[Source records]
>>>>

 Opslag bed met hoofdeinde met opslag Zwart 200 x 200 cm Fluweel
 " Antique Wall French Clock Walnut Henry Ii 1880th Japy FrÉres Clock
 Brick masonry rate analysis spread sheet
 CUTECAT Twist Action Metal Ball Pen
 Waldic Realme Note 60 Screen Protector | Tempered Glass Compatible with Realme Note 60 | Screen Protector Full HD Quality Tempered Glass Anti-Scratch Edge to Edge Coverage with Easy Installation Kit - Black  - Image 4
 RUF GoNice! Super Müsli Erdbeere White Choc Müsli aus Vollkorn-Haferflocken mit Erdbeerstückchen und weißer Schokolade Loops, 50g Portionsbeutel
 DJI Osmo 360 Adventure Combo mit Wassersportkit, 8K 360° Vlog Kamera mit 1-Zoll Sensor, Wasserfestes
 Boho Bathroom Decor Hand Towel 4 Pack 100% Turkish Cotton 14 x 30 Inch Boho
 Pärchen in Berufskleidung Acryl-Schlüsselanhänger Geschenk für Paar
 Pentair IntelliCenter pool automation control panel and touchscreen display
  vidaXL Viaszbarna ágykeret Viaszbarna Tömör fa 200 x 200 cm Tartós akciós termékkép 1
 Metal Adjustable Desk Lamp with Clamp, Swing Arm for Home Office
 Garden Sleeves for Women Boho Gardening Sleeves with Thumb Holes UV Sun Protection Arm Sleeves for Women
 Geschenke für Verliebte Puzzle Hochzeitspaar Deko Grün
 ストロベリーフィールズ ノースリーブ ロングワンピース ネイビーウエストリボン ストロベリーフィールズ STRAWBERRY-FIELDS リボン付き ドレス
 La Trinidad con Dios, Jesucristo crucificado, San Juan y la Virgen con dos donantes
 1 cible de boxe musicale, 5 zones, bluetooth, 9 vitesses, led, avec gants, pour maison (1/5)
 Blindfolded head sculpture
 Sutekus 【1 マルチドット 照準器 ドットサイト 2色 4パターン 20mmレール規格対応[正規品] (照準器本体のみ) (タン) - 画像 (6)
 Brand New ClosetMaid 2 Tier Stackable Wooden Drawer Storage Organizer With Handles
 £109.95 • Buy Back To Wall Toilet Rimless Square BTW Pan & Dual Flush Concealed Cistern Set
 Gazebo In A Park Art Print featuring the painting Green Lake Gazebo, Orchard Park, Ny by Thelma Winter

<<<<

◆ INSTRUCTIONS FOR THE TASK: In the answer, include exactly the lines from the line containing "ストロベリーフィールズ ノースリーブ ロングワンピース" through the end of the data, and nothing else.

◆ TASK SOLUTION:
 ストロベリーフィールズ ノースリーブ ロングワンピース ネイビーウエストリボン ストロベリーフィールズ STRAWBERRY-FIELDS リボン付き ドレス
 La Trinidad con Dios, Jesucristo crucificado, San Juan y la Virgen con dos donantes
 1 cible de boxe musicale, 5 zones, bluetooth, 9 vitesses, led, avec gants, pour maison (1/5)
 Blindfolded head sculpture
 Sutekus 【1 マルチドット 照準器 ドットサイト 2色 4パターン 20mmレール規格対応[正規品] (照準器本体のみ) (タン) - 画像 (6)
 Brand New ClosetMaid 2 Tier Stackable Wooden Drawer Storage Organizer With Handles
 £109.95 • Buy Back To Wall Toilet Rimless Square BTW Pan & Dual Flush Concealed Cistern Set
 Gazebo In A Park Art Print featuring the painting Green Lake Gazebo, Orchard Park, Ny by Thelma Winter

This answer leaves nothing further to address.